Oof. Maybe for emergency comms. 🤔

You could run something like Reticulum + LXMF over airMAX to WAN links

https://store.ui.com/us/en/category/wireless-airmax-5ghz

Think like a SV2 proxy that does a couple of airMAX hops to some point that has internet access.

Reticulum packets are under 300 bytes, by far the least amount of bandwidth of any protocol I've seen.

https://github.com/markqvist/LXMF?tab=readme-ov-file#wire-format--overhead

Will require a lot of integration work with SV2 and RNS

You can pipe RNS over TCP & UDP

Saw they were working on a reticulum ATAK plugin

Also I saw another person with a Neros handle in the matrix group chat. I think the MIC has found #Reticulum

https://www.neros.tech/

Makes sense. I know some spooks that track FOSS projects for stuff like this.
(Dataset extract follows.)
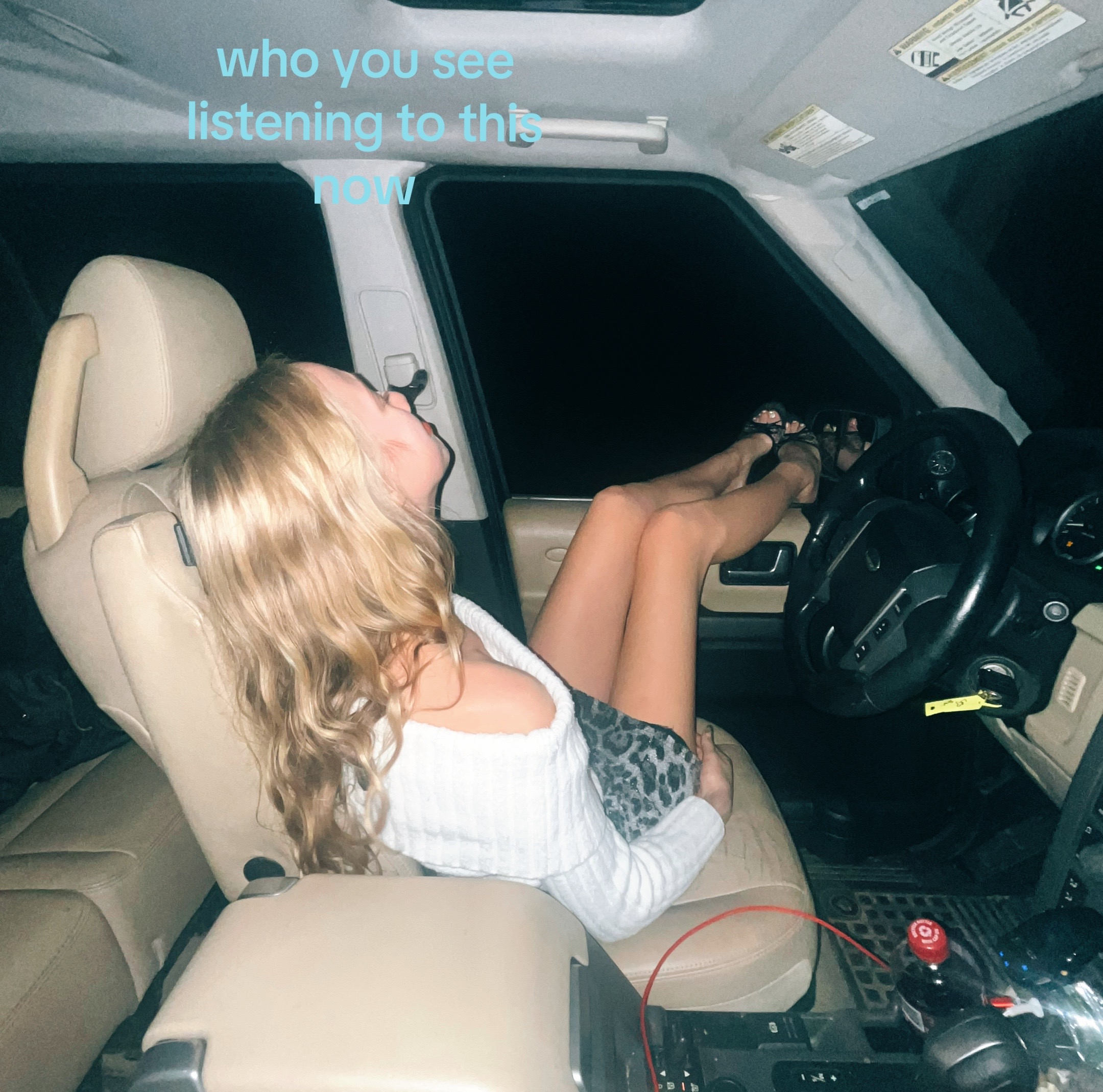 @Rachel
Prolly good they're keeping up with things

I learned of reticulum via a now-deceased DoD contractor’s posts.

Natural causes?

😬

I know! 😅

Just need a byte stream that can turn into r/w halves.

Both LXMF and Reticulum can ensure message reliability

As I understand it, LXMF is an abstraction layer built on top of the Reticulum API that allows for more featureful applications. Not dissimilar to how Nostr runs on top of TCP/IP.